MetaSUB-CAMP / camp_short-read-quality-control

Other
4 stars 3 forks source link

incomplete paths to samples in final_reports/samples.csv output file - correct Snakefile #12

Closed katkopera closed 1 year ago

katkopera commented 1 year ago

Hi, one of the outputs of the module is
/path/to/work/dir/short_read_qc/final_reports/samples.csv which is supposed to be ingested by the next module e.g. camp_short-read-assembly.

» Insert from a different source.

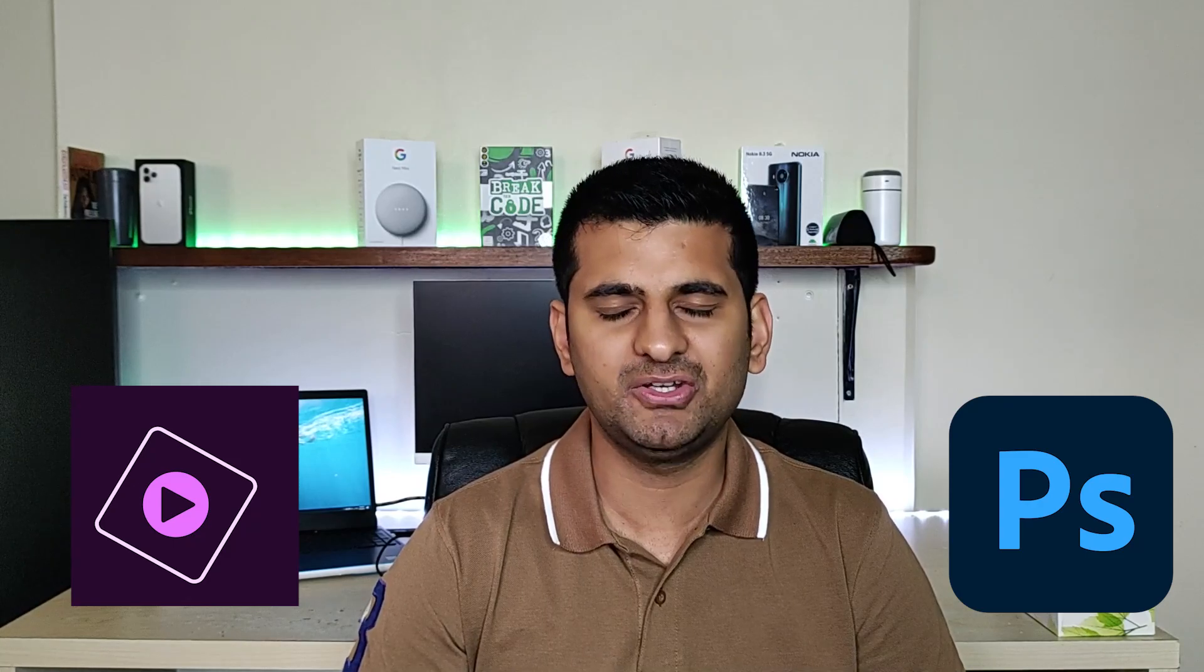What's up everyone, in this video we'll explore Photoshop Elements vs Photoshop. The video talks about the features, pricing and tools of both. So let's get started.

Paths to forward and reverse reads in this output file (while using tadpole) are incomplete which leads to the failure of the next modules, for example in camp_short-read-assembly:

MissingInputException in line 51 of /net/ascratch/people/plgkkopera/camp_tests/short-read-assembly/camp_short-read-assembly/workflow/Snakefile:
Missing input files for rule metaspades_assembly:
    output: /net/ascratch/people/plgkkopera/camp_tests/short-read-assembly/short-read-assembly/0_metaspades/2_07052020_S27/scaffolds.fasta

In rule make_config of Snakefile you specify final fastqs directory as:

rule make_config:
    [...]
    params: 
        fastq_dir = join(dirs.OUT, '3_error_removal'),
        samples = SAMPLES,
    [...]
        for i in params.samples:
            s = i.split('/')[-1]
     [...]
            dct[s]['illumina_fwd'] = join(params.fastq_dir, s + '_1.fastq.gz')
            dct[s]['illumina_rev'] = join(params.fastq_dir, s + '_2.fastq.gz')
    [...]

but in rule filter_seq_errors_tp the paths are encoded differently:

rule filter_seq_errors_tp:
    [...]
    output:
        fwd = join(dirs.OUT, '3_error_removal', 'tadpole', '{sample}_1.fastq.gz'),
        rev = join(dirs.OUT, '3_error_removal', 'tadpole', '{sample}_2.fastq.gz'),
    [...]

so the 'tadpole' subdirectory is missing in samples.csv file

Similar for the bayeshammer option Please fix that :)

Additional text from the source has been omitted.